The Project Matters was developed to help provide education, guidance and mentorship to aspiring artists 21 years old and below throughout New Jersey. Developed by Karen High in memory of her son, Benjamin, The Project Matters has successfully developed an ever-growing network of up-and-coming artists, all of whom joined together at Maxwell’s to perform in memory Benjamin and the songs he wrote for his band, Green Arrows.
Joining Cymbals Eat Guitars at the sold-out show were Justin and Alina, a rambunctious and passionate brother-sister duo that held their own in a pseudo-acoustic pop set. Justin and Alina, who are 19 and 16 years old, respectively, had confidence and spunk as the show’s openers. Between Alina’s mature demeanor and even more promising vocal skills, it was hard to believe that she is still a teenager.
While Justin and Alina successfully cater to young pop lovers, Thomas Wesley Stern creates a hypnotizing concoction of Americana and folk complete with a banjo. Hailing from Jackson, NJ, the five-piece had the stage presence and energy perfectly reflective of their music: a little laid back, but musically concise and enthralling. The band’s stellar harmonies and on-stage chemistry made their set even more genuine, rather than a try-hard attempt to cash in on the Americana/folk revival that’s currently taking place in the music world.

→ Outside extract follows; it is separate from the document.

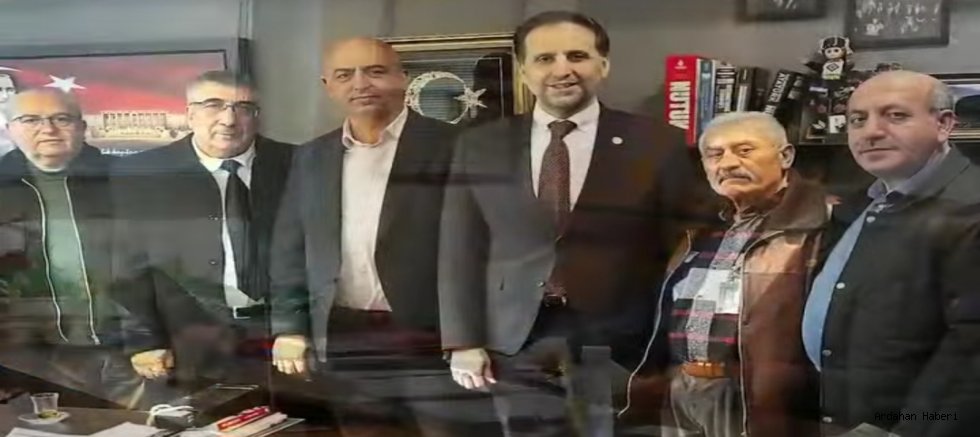 Milletvekili İncesu: 2026’da da Ardahan İçin Mücadeleyi Sürdüreceğiz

Mitchell Grey, a New York-based four-piece followed up Thomas Wesley Stern’s Americana tracks with an indie pop fueled set. While Mitchell Grey isn’t an honoree of The Project Matters, they are firm supporters of the cause: the band opened for Escape Directors several times, who were the first band under the foundation’s umbrella. During their all-too-quick set, Mitchell Grey showcased the best of their debut opus, On The Stellar Way, closing out with their catchy single “Heartstrings.” Throughout their performance, vocalist Ryan Bandong bantered with the audience and egged them on to sing and dance along, while guitarist Joseph Diaz eagerly supported him. Bassist Napon Pintong and drummer Matt Pana were a bit more subdued in their performances, but still delivered spot-on instrumentals.
It was Cymbals Eat Guitars, though, that truly stole the night, enveloping the entire venue, and hypnotizing concertgoers with tracks from their discography. Joseph D’Agostino (guitar/lead vocals), Matt Whipple (bass guitar/vocals), Brian Hamilton (keyboards/vocals) and Matthew Miller (drums) seemed to be more intent and focused on their performance, rather than displaying vivacious showmanship. However, that is what makes the men of Cymbals Eat Guitars so intriguing and respectable: their continued focus and dedication to giving viewers a top-notch show consistent to their albums, which have put them on the “must-watch” list for countless critics. At the end of Cymbals Eat Guitars’ set, D’Agostino, a longtime friend of Benjamin High, took the stage on his own. Clearly torn up by emotion, the vocalist gave a gut-wrenching, honest performance—just him and his guitar—in memory of his friend, and in continual support of the Project Matters.